Faux-Separated – make sure you find out way beforehand if the wedding is faux-separated. That will save you a lot of time in getting ready because you will know that you’re not going to be able to take your outer clothing off at all. The plus about this is that at least there is some sort of division, so you can find a nice seat in a corner where the men actually can’t see you, but it’s so risky (especially with the male waiters walking around) that there’s no way you can uncover without having to cover up again 5 seconds later. If you already arrived at the wedding and only found out after you got there that it’s not entirely separated, but that it’s faux-separated, then say alhamdulillah, and remain calm. Greater calamities have happened. Stay for as long as you must, say salam to your friends and the other guests, give the bride your salam, then leave quietly. No need to create a scene or get upset. For example:

“This isn’t separated! …Arghh I got ready for nothing! Why couldn’t they just tell me before, I wouldn’t have wasted all that time!”

“Would you like some appetizer?”

“No I don’t want no appetizer, can’t you see how mad I am?! — I’ll be sure to send the bride a text about this tomorrow morning!”

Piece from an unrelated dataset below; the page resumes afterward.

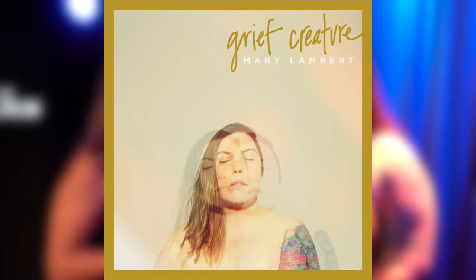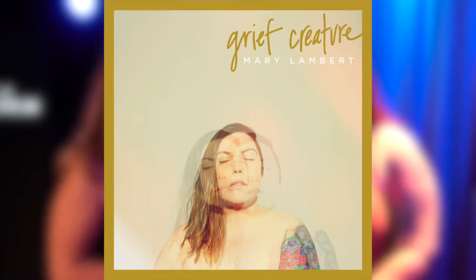I'm here with Mary Lambert and she's performing at the Grammy Museum today with her new album Grief Creature. So Mary, what's more intimidating — a smaller venue or a big venue? Smaller venue, 100%. Oh my god, yes.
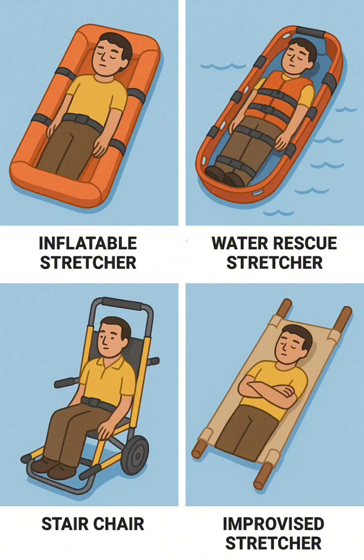10. Inflatable air splint stretcher — an inflatable stretcher that cushions and immobilizes fractures, providing comfort but with limited durability.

In all cases, just say alhamdulillah and stay happy. There is fitnah where ever we go. The thing we have to keep our eye on is how we deal with the fitnah, and our imaan. Protect your imaan, no matter what. That is your priority. These weddings come and go and they only last a day or two. Don’t put your imaan on the line for a wedding. Hayaa and imaan go hand in hand. When one of them leaves, the other one goes with it. So protect your hayaa, protect your imaan.

And be grateful for what you have because there are places where the people have no idea what a separated wedding is, and they never even have faux separated weddings. Subhanallah

That’s it for now. I pray that this post is of some benefit to sisters who wear hijab, abaya, niqab.